Razzien in Bordellen
Aber mehr Übereinstimmung mit Schwarzer kann ich nicht aufbringen. Sie fordert vor allem das repressive Eingreifen des Staats gegen Freier, Bordellbesitzer und Zuhälter, um auf diese Weise einen »Bewusstseinswandel« herbeizuführen. Sie versucht damit, Druck auf die Politik allgemein und die derzeitigen Koalitionsverhandlungen insbesondere auszuüben, um das im Jahr 2002 verabschiedete Prostitutionsgesetz zu kippen, das die strafbewehrte »Sittenwidrigkeit« aufhob und die Möglichkeit schuf, Prostitution als sozialversicherte legale Tätigkeit auszuüben.
CDU und SPD haben sich nun tatsächlich auf eine Verschärfung der Prostitutionsgesetze geeinigt, die unter anderem anlasslose polizeiliche Razzien in Bordellen ermöglicht und die Bestrafung von Freiern ins Auge fasst.
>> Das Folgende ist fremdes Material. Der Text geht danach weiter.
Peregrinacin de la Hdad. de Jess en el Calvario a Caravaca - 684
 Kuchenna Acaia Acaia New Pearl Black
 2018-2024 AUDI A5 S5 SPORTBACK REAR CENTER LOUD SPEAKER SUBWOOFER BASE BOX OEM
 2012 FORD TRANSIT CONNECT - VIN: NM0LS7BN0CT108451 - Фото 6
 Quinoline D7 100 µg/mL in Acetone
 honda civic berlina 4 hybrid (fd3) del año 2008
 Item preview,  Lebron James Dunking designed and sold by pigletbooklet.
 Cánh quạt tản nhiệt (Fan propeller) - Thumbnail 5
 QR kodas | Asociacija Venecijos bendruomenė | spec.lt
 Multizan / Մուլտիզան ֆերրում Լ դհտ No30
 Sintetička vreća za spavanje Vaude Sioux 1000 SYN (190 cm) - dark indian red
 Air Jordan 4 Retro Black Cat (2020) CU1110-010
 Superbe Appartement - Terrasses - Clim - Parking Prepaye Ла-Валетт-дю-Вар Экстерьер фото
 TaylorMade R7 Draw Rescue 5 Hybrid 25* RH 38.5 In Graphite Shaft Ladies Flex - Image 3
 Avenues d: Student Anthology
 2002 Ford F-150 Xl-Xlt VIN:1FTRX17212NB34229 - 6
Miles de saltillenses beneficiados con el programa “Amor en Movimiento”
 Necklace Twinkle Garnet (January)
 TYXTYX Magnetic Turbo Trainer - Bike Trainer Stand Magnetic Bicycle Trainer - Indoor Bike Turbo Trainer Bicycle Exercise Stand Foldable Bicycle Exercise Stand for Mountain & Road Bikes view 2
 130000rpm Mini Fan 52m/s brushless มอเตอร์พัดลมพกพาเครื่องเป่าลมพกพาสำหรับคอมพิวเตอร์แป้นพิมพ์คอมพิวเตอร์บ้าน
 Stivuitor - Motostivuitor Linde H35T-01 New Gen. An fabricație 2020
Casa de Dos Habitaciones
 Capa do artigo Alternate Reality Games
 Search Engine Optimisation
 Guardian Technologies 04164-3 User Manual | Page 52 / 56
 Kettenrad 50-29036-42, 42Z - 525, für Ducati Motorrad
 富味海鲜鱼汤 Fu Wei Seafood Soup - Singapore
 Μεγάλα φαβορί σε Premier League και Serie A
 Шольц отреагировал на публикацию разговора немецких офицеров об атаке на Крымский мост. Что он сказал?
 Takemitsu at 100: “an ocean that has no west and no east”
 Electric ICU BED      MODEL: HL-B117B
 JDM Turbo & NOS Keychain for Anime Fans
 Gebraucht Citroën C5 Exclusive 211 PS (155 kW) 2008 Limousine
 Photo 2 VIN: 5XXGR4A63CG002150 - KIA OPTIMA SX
Unterzeichnet haben Schwarzers Appell inzwischen fast 8.000 Personen, darunter die CDU in Truppenstärke, anscheinend ganze Nonnenklöster, aus der Wissenschaft jemand wie Hans-Ulrich Wehler, aus der Filmwelt Margarethe von Trotta und Senta Berger und dazu einige wenige Grüne und SPDler.
»Prinzip Sarrazin«
Zur Untermauerung ihrer Forderungen operiert Schwarzer nach dem »Prinzip Sarrazin«: Sie setzt Zahlen in die Welt, die sie nicht belegt – bis zu einer Million Frauen in der Prostitution, über neunzig Prozent schon als Kinder missbraucht, jeder zweite Mann ein Freier, neunzig Prozent Armuts- und Zwangsprostituierte. Und nebenbei macht sie die »›sexuelle Revolution‹ der 68er-Linken«, die »Schranken eingerissen« habe, für diese Verhältnisse verantwortlich.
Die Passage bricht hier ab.